Valencian Community, which would gain eight tenths of share (it would go from receiving 10.67% of the resources to 11.49%) is the one that benefits the most, closely followed by Catalonia (from 17.29 to 17.90%) and Andalusia (from 17.81 to 18.45%), which increase their participation by six tenths. Completing the list are Murcia (from 3.22 to 3.51%) and Castilla-La Mancha (from 4.65 to 4.81%), which gain three and two tenths, respectively, in weight in the distribution.
It is a proposal that completely moves away from the idea of a concert for Catalonia similar to the regional one, which makes positive progress on some issues, and which “addresses the problem of underfinancing of some communities, among which the Valencian and Murcia stand out”, maintains Economic Information Santiago Lago, senior economist at Funcas and member of the commission of experts created in 2017 by Mariano Rajoy’s government to prepare a reform proposal.
However, he understands that at the same time it “substantially” alters the distribution, especially for Catalonia, among those that already had financing per inhabitant adjusted to average or above. “To the extent that the rest of the autonomies have not participated in the definition of this redistribution, it will generate contrary responses and resistance, in addition to the opposition of Junts,” says Lago.
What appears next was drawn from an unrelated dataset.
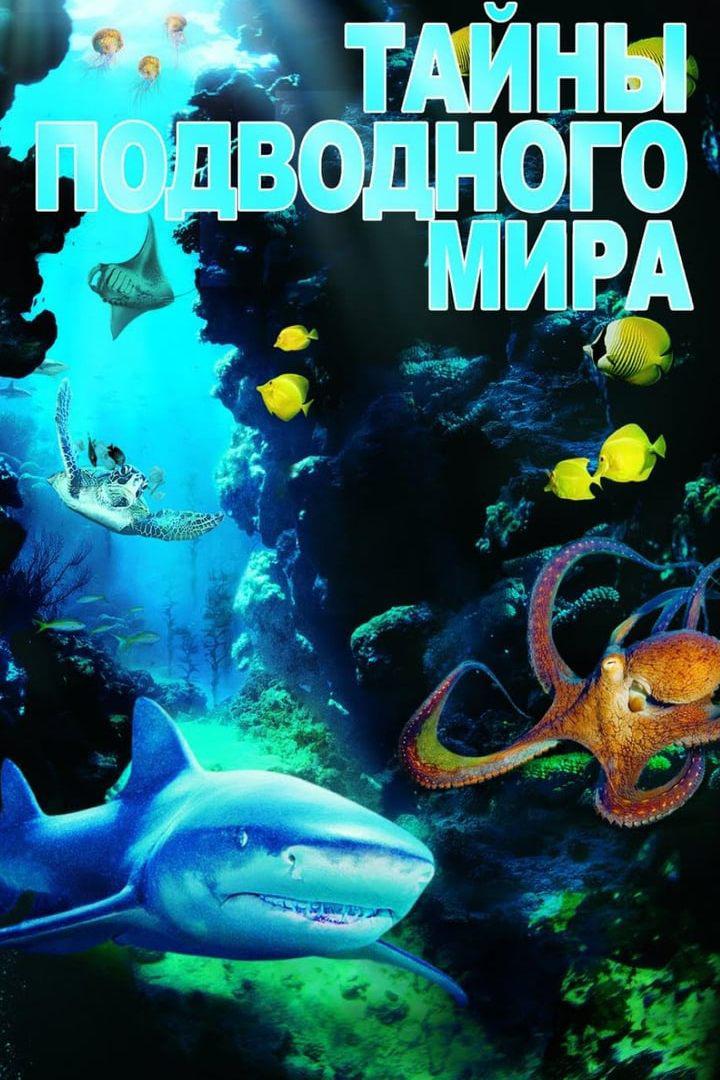Тайны подводного мира 3D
“When we touch on pieces of the model and especially ordinality, we must first look at the communities that were well positioned in the status quo 2009,” Diego Martínez López, professor of Economics at the Pablo de Olavide University and researcher at Fedea, told this newspaper. On the other hand, the expert agrees that The system is relatively continuous with respect to the previous one. It does not imply an amendment to the entirety, as the political agreements for the investiture in Catalonia or that of Pedro Sánchez could imply.